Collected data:
★ ★ ★ ★ ★ ★ ★

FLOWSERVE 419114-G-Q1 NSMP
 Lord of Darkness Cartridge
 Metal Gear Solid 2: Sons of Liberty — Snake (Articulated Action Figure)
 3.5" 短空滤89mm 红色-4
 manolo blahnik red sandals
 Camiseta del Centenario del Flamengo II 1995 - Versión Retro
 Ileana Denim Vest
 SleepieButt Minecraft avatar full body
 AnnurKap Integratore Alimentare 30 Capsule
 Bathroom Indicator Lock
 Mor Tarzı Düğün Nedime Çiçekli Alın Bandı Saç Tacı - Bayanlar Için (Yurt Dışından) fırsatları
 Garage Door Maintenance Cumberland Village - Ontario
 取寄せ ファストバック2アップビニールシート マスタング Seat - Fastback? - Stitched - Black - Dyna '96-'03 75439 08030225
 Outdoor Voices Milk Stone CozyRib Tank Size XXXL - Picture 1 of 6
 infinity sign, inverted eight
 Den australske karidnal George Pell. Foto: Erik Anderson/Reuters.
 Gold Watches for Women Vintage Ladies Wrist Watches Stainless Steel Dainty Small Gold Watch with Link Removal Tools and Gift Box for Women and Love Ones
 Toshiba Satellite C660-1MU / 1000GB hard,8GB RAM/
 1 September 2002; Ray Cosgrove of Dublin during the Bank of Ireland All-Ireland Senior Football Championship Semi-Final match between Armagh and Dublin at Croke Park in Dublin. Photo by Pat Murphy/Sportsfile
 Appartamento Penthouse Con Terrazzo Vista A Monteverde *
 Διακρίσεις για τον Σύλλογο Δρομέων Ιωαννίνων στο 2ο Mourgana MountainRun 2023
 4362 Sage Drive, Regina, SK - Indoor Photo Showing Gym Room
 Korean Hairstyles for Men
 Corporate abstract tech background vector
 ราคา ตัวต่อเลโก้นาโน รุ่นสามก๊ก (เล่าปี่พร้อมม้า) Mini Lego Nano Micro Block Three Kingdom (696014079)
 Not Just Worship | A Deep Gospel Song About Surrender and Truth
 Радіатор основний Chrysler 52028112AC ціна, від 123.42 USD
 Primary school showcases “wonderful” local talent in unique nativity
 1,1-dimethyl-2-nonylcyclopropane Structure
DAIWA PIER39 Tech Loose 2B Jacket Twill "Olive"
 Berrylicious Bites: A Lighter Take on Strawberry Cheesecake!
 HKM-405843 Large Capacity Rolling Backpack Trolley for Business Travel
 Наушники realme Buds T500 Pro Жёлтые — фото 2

★ ★ ★ ★ ★ ★ ★

**WORK REQUEST**
One stretch of the lines above is wanted, from the line that contains "Ileana Denim Vest" through the line that contains "Den australske karidnal". Output it exactly.

**RESPONSE AREA**
 Ileana Denim Vest
 SleepieButt Minecraft avatar full body
 AnnurKap Integratore Alimentare 30 Capsule
 Bathroom Indicator Lock
 Mor Tarzı Düğün Nedime Çiçekli Alın Bandı Saç Tacı - Bayanlar Için (Yurt Dışından) fırsatları
 Garage Door Maintenance Cumberland Village - Ontario
 取寄せ ファストバック2アップビニールシート マスタング Seat - Fastback? - Stitched - Black - Dyna '96-'03 75439 08030225
 Outdoor Voices Milk Stone CozyRib Tank Size XXXL - Picture 1 of 6
 infinity sign, inverted eight
 Den australske karidnal George Pell. Foto: Erik Anderson/Reuters.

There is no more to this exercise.